Re: [PATCH 2/4] mm/page_alloc: expands broken freepage to proper buddy list when steal

From: Vlastimil Babka
Date: Mon Dec 08 2014 - 04:29:51 EST


On 12/08/2014 08:16 AM, Joonsoo Kim wrote:
There is odd behaviour when we steal freepages from other migratetype
buddy list. In try_to_steal_freepages(), we move all freepages in
the pageblock that founded freepage is belong to to the request
migratetype in order to mitigate fragmentation. If the number of moved
pages are enough to change pageblock migratetype, there is no problem. If
not enough, we don't change pageblock migratetype and add broken freepages
to the original migratetype buddy list rather than request migratetype
one. For me, this is odd, because we already moved all freepages in this
pageblock to the request migratetype. This patch fixes this situation to
add broken freepages to the request migratetype buddy list in this case.

I'd rather split the fix from the refactoring. And maybe my description is longer, but easier to understand? (I guess somebody else should judge this)
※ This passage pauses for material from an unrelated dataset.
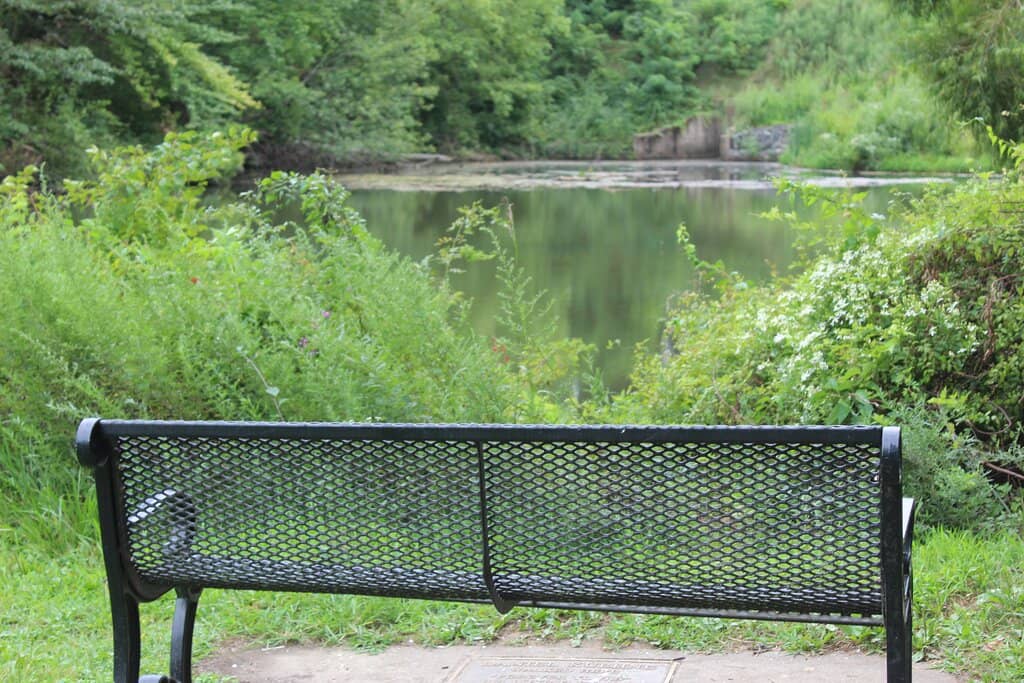 Cooper River Trail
This patch introduce new function that can help to decide if we can
steal the page without resulting in fragmentation. It will be used in
following patch for compaction finish criteria.

Signed-off-by: Joonsoo Kim <iamjoonsoo.kim@xxxxxxx>
---
include/trace/events/kmem.h | 7 +++--
mm/page_alloc.c | 72 +++++++++++++++++++++++++------------------
2 files changed, 46 insertions(+), 33 deletions(-)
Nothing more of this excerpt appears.